### [What you will do]
Output all of the records word for word and drop the images.

[Stored items]
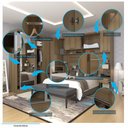 Ver imagem 5 de Quarto de Canto Casal com Guarda Roupas com Espelho e Mesas de Cabeceira Paris Luciane Móveis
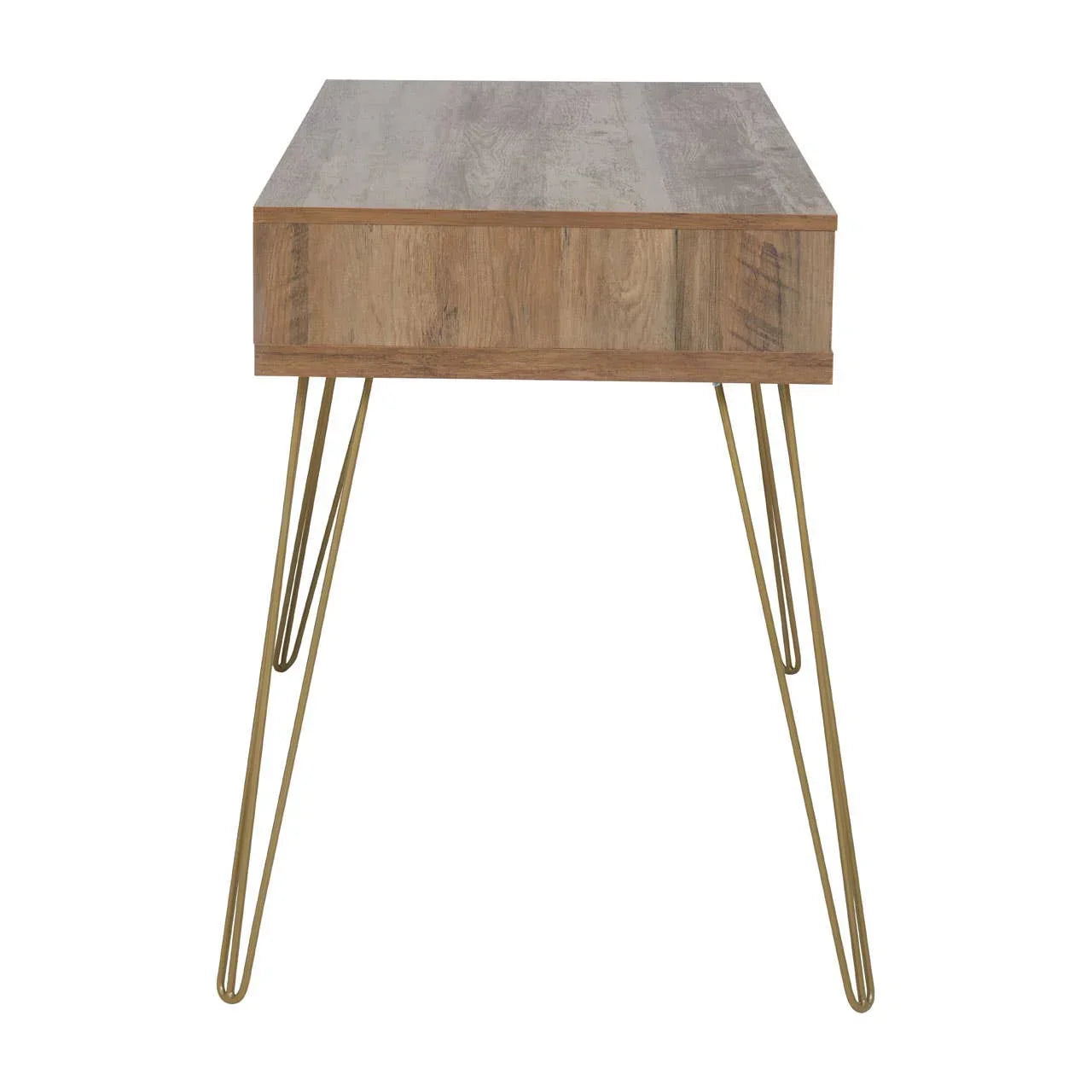Wood side table with metal hairpin legs, shown from front view
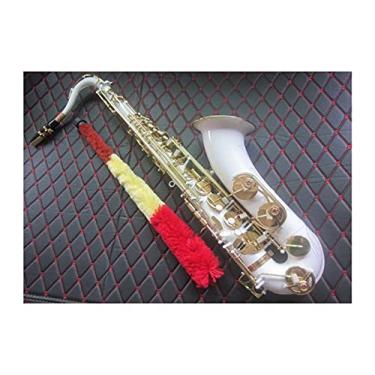 Imagem de Saxofone tenor chave de ouro branco instrumento musical Bb tocando saxofone tenor profissional com estojo bocal saxofone estudante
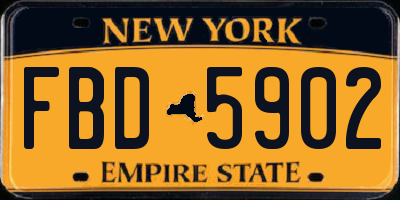 NY license plate FBD5902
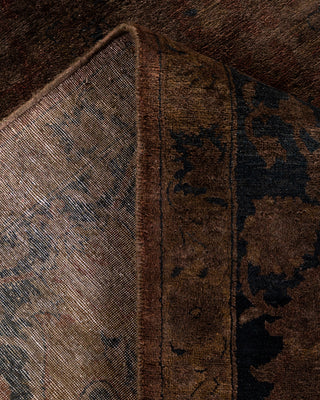 Contemporary Hand-Knotted Overdyed Brown Area Rug 8' 3" x 9' 10"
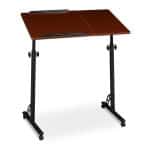 Masa pentru proiector/laptop, reglabil, cu roti, 50 x 80 cm, inaltime 75-110 cm, bordo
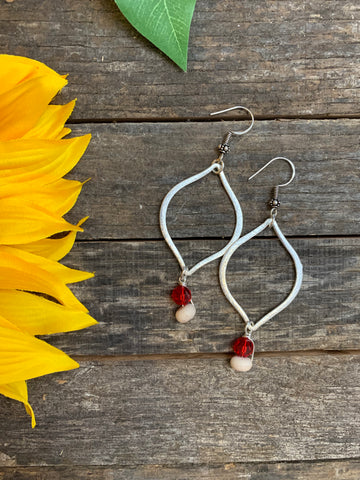 Silver Marquise Earrings with Red Crystal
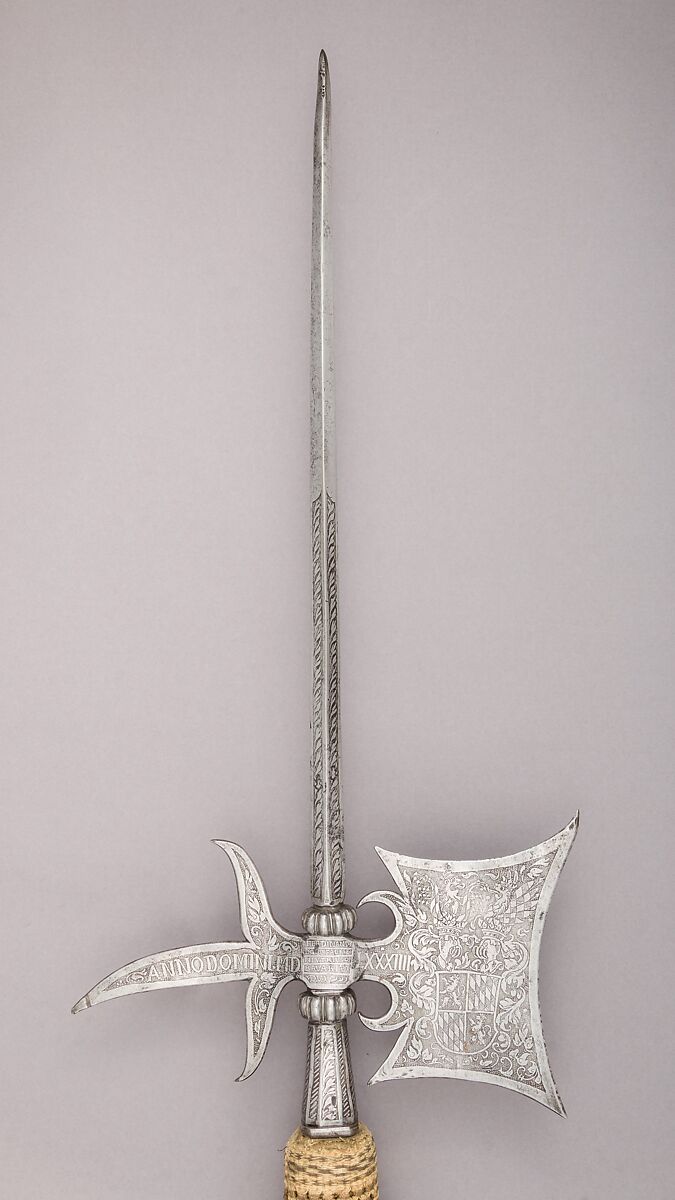 Halberd of Ferdinand IX, Count Palatine of the Rhine and Duke of Bavaria, Steel, wood, textile, German, Bavaria 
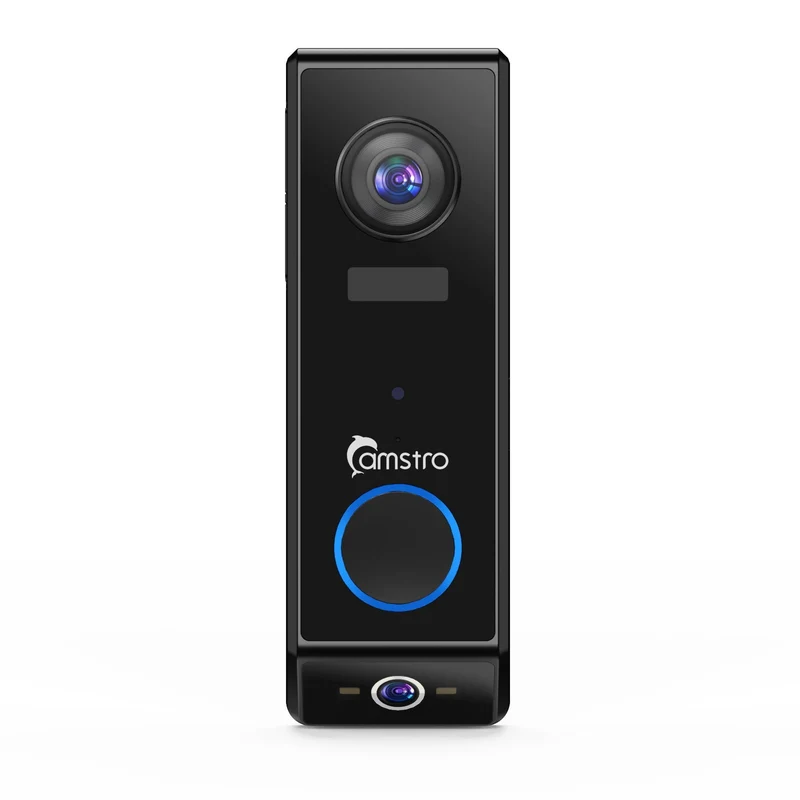 Camstro 2K+1080P Smart Video Doorbell, Two-Way Audio, Customised Human Detection, Day Night Vision, 5200mAh Rechargeable Battery, Support TF Card & Cloud Storage, Work with Alexa and Google Assistant
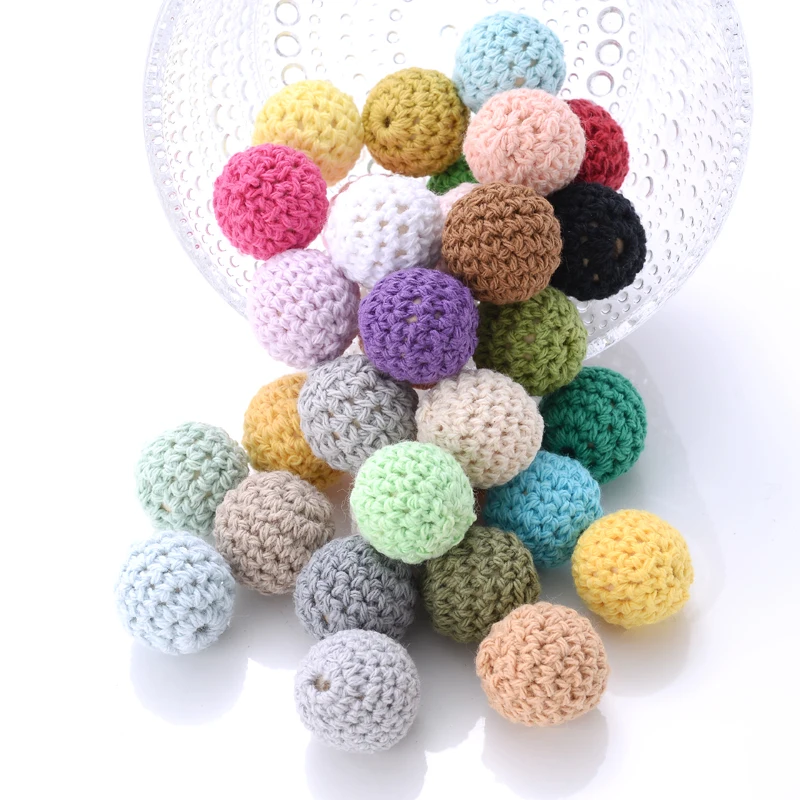 16mm 10pcs Colorful Crochet Beads Knitted By Cotton Thread Woolen Yarn For DIY Fit Decoration Baby Pacifier Chain Accessories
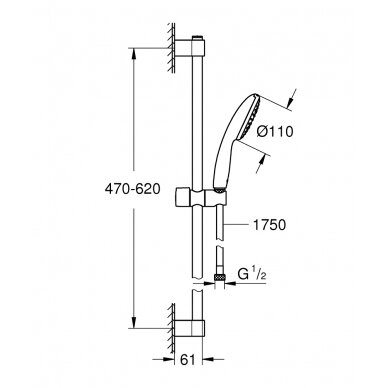 Grohe dušo komplektas Tempesta 110 3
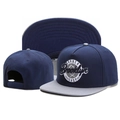 Dark blue Brooklyn Barber Shop snapback hat with grey flat brim and embroidery - Navy Body Grey Brim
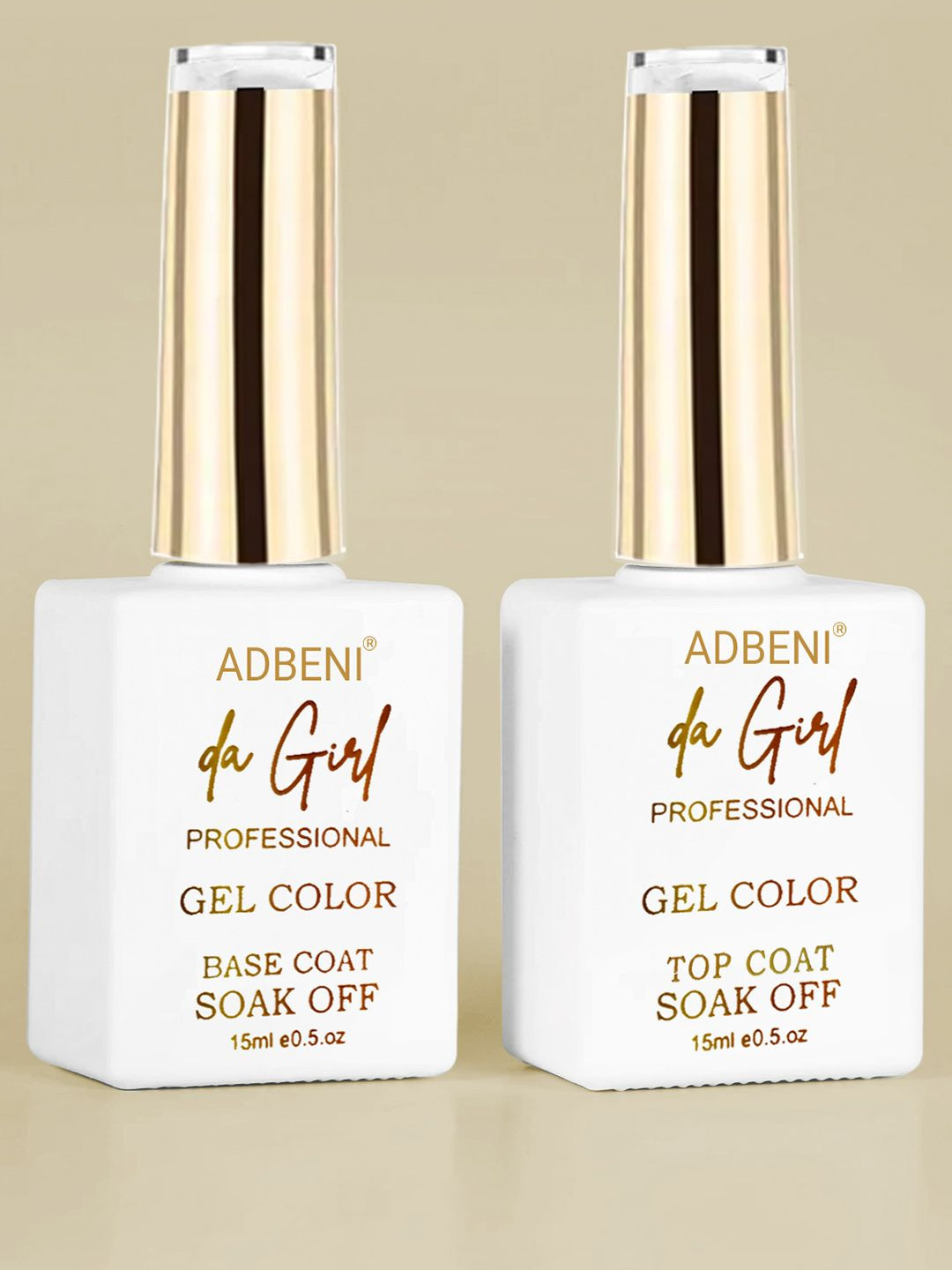 Adbeni Set Of 2 Da Girl UV/LED Soak-Off Gel Nail Polish- 15 ml Each- Base Coat- Top Coat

### [Result]
 Ver imagem 5 de Quarto de Canto Casal com Guarda Roupas com Espelho e Mesas de Cabeceira Paris Luciane Móveis
Wood side table with metal hairpin legs, shown from front view
 Imagem de Saxofone tenor chave de ouro branco instrumento musical Bb tocando saxofone tenor profissional com estojo bocal saxofone estudante
 NY license plate FBD5902
 Contemporary Hand-Knotted Overdyed Brown Area Rug 8' 3" x 9' 10"
 Masa pentru proiector/laptop, reglabil, cu roti, 50 x 80 cm, inaltime 75-110 cm, bordo
 Silver Marquise Earrings with Red Crystal
 Halberd of Ferdinand IX, Count Palatine of the Rhine and Duke of Bavaria, Steel, wood, textile, German, Bavaria 
 Camstro 2K+1080P Smart Video Doorbell, Two-Way Audio, Customised Human Detection, Day Night Vision, 5200mAh Rechargeable Battery, Support TF Card & Cloud Storage, Work with Alexa and Google Assistant
 16mm 10pcs Colorful Crochet Beads Knitted By Cotton Thread Woolen Yarn For DIY Fit Decoration Baby Pacifier Chain Accessories
 Grohe dušo komplektas Tempesta 110 3
 Dark blue Brooklyn Barber Shop snapback hat with grey flat brim and embroidery - Navy Body Grey Brim
 Adbeni Set Of 2 Da Girl UV/LED Soak-Off Gel Nail Polish- 15 ml Each- Base Coat- Top Coat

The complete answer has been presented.